Vers poétiques anonymes en arabe et en persan

Ce fragment contient un poème arabe de huit vers dans le panneau central et des vers poétiques persans dans de petits registres rectangulaires disposés autour du panneau central et collés sur un fond bleu clair. Le poème arabe insiste sur la capacité de Mahomet à intervenir en faveur de sa communauté le jour du Jugement dernier. Il s'agit d'une sorte de requête ou d'éloge adressé au prophète qui apparaît sur de nombreux panneaux calligraphiques différents destinés à un affichage public ou insérés dans des albums de calligraphie.
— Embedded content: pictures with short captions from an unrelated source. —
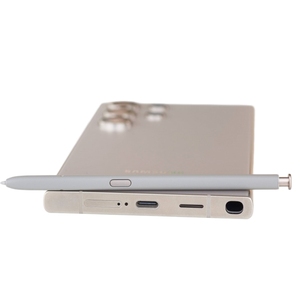 Teléfonos Móviles Reacondicionados Originales Desbloqueados de Fábrica Grado A+ para <span class=keywords><strong>Samsung</strong></span> <span class=keywords><strong>Galaxy</strong></span> S24 Ultra S928 - Product Image 6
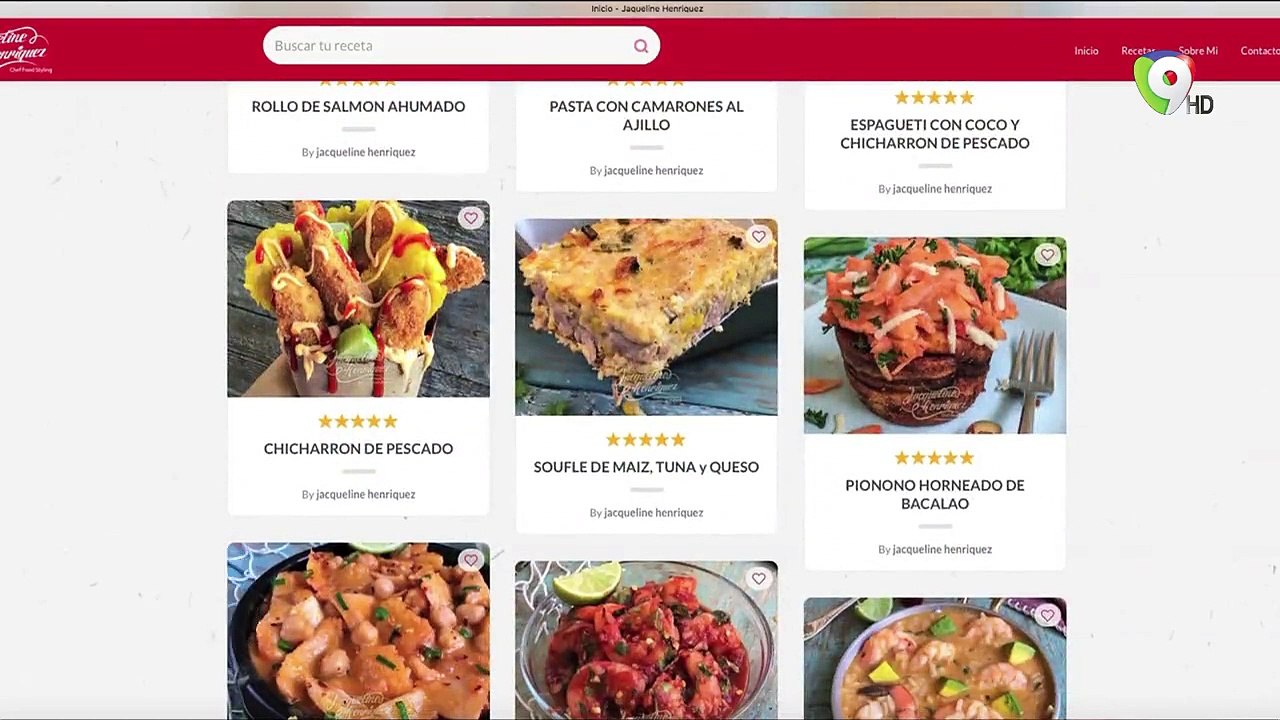 Croquetas de batatas horneadas/ Croquetas negras con mayonesa 07-05-2019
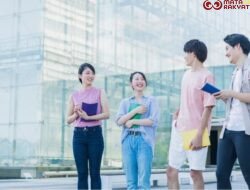 Investasi di Usia 20-an, Lebih Cepat Lebih Cuan?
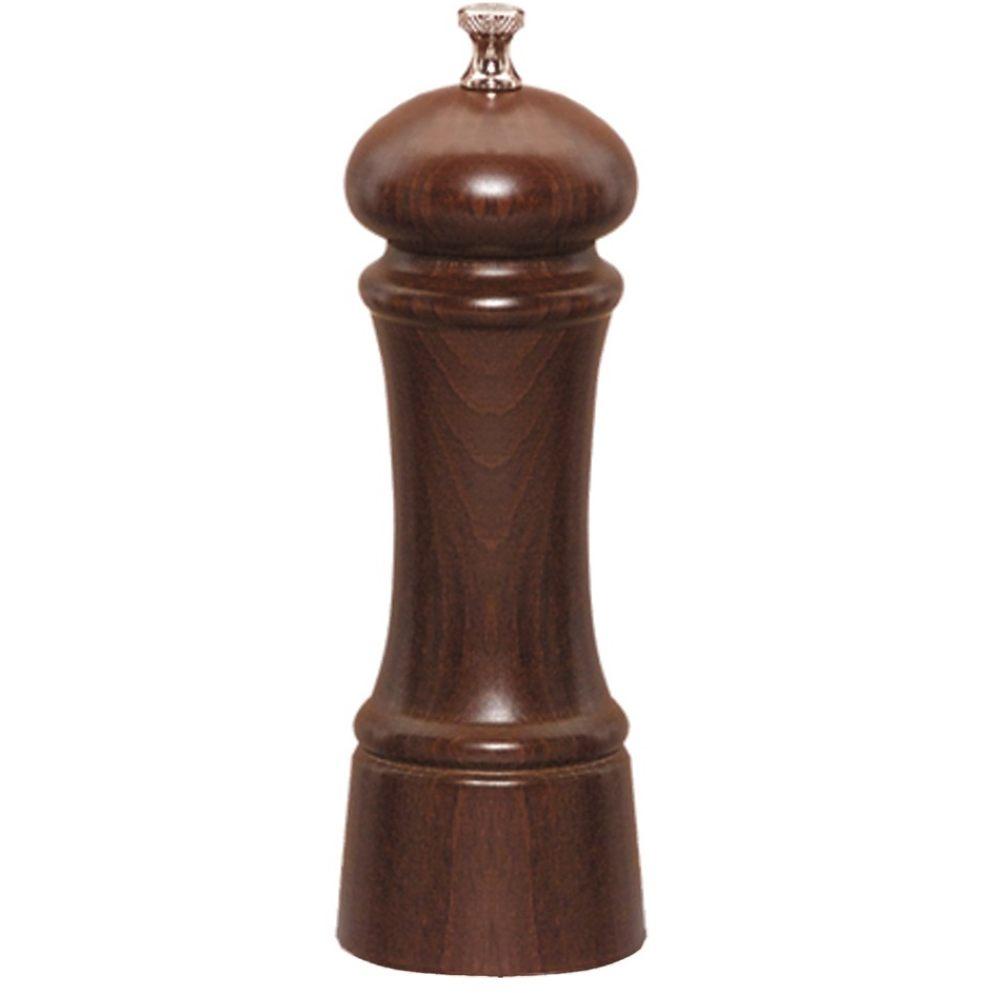 Product gallery 179818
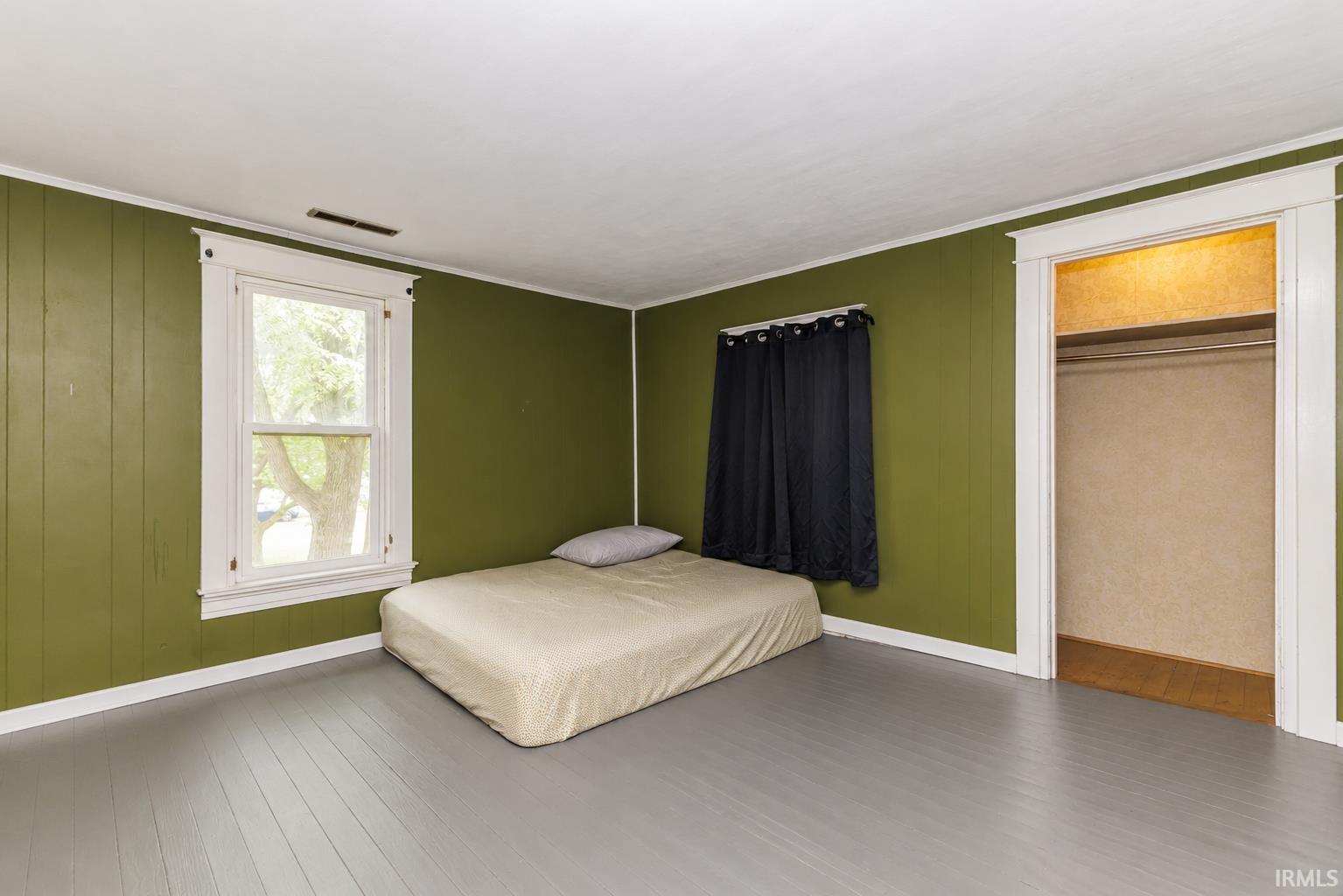10913 Monroeville Road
Les vers arabes et persans sont écrits en style nasta'liq, aussi appelé ta'liq (en turc) et farsi (en terre arabe). Le terme nasta'liq, qui associe naskh (cursive) et ta'liq (suspendu), fait référence à un mélange des deux styles qui aurait été inventé par le calligraphe persan du XIVe siècle Mir 'Ali Tabrizi. Ce fragment a peut-être été produit en Perse au XVIe siècle. La feuille centrale de calligraphie est constituée de papier brun parsemé de poussière d'or fin et comporte cinq carrés grossiers dorés à la feuille. Les panneaux calligraphiques sont séparés par des lignes dorées bordées de noir, formant des cadres rectangulaires pour les vers arabes. Autour du panneau central se trouve une bordure rose comportant des motifs floraux exécutés à l'or, avec une bordure bleu clair où figurent les 28 panneaux de vers persans entrelacés de motifs dorés de vigne. Ces planches calligraphiques sont toutes collées sur un papier contrecollé coloré décoré de fleurs, d'oiseaux et de plantes peints à l'or.